• **DATA FOR THIS TASK**

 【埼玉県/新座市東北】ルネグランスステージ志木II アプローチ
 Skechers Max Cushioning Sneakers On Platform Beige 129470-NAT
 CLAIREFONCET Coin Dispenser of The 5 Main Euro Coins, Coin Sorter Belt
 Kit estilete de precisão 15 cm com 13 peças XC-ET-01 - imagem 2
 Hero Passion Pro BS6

...

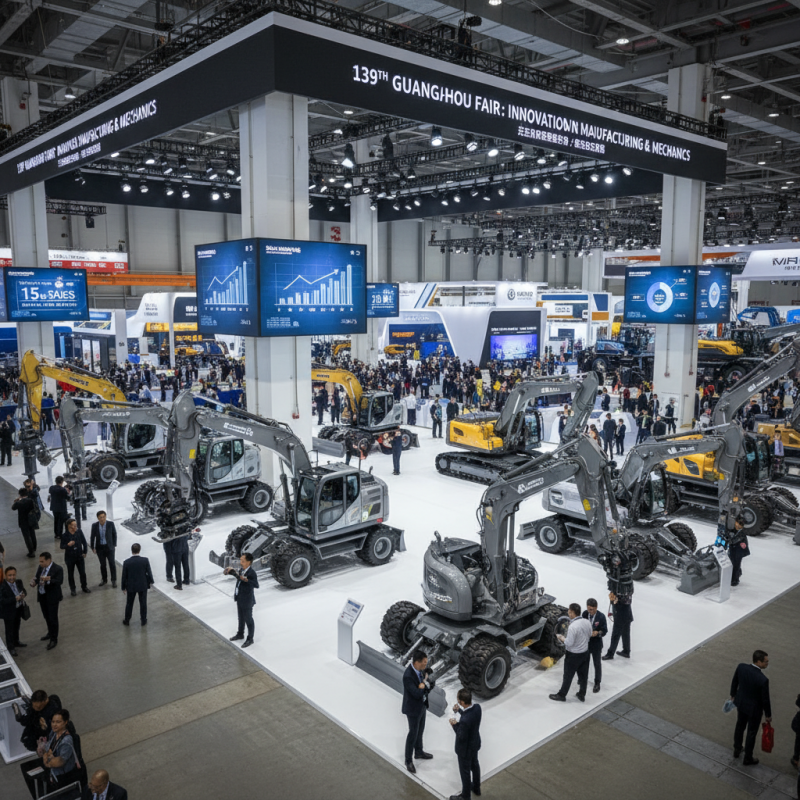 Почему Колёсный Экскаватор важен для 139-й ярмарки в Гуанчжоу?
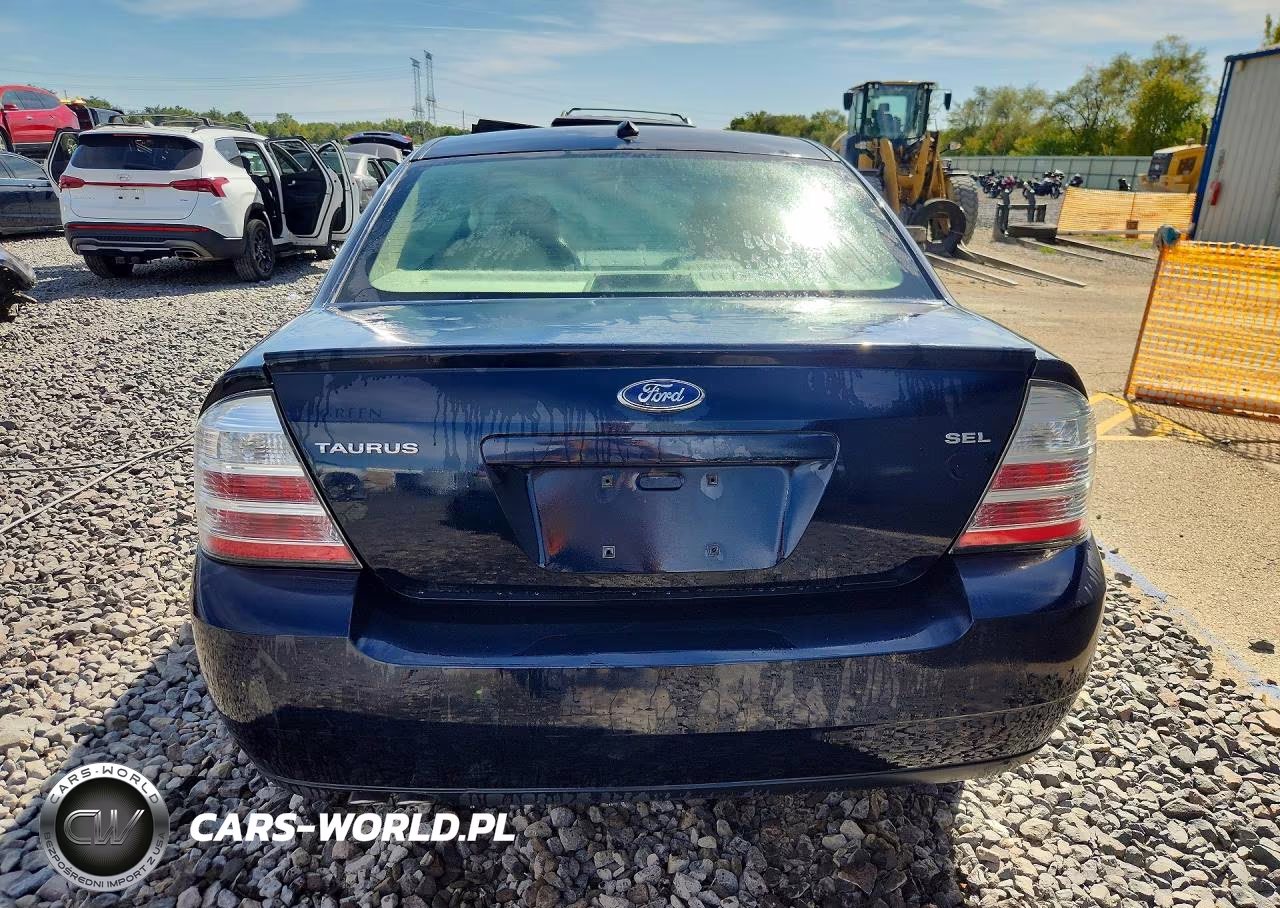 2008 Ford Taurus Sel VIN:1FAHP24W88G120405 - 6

• **EXERCISE DIRECTIONS**
Look through the entries above and quote exactly the lines from the line with "Skechers Max Cushioning" to the line with "Hero Passion Pro BS6", counting both of those lines.

• **OUTPUT**
 Skechers Max Cushioning Sneakers On Platform Beige 129470-NAT
 CLAIREFONCET Coin Dispenser of The 5 Main Euro Coins, Coin Sorter Belt
 Kit estilete de precisão 15 cm com 13 peças XC-ET-01 - imagem 2
 Hero Passion Pro BS6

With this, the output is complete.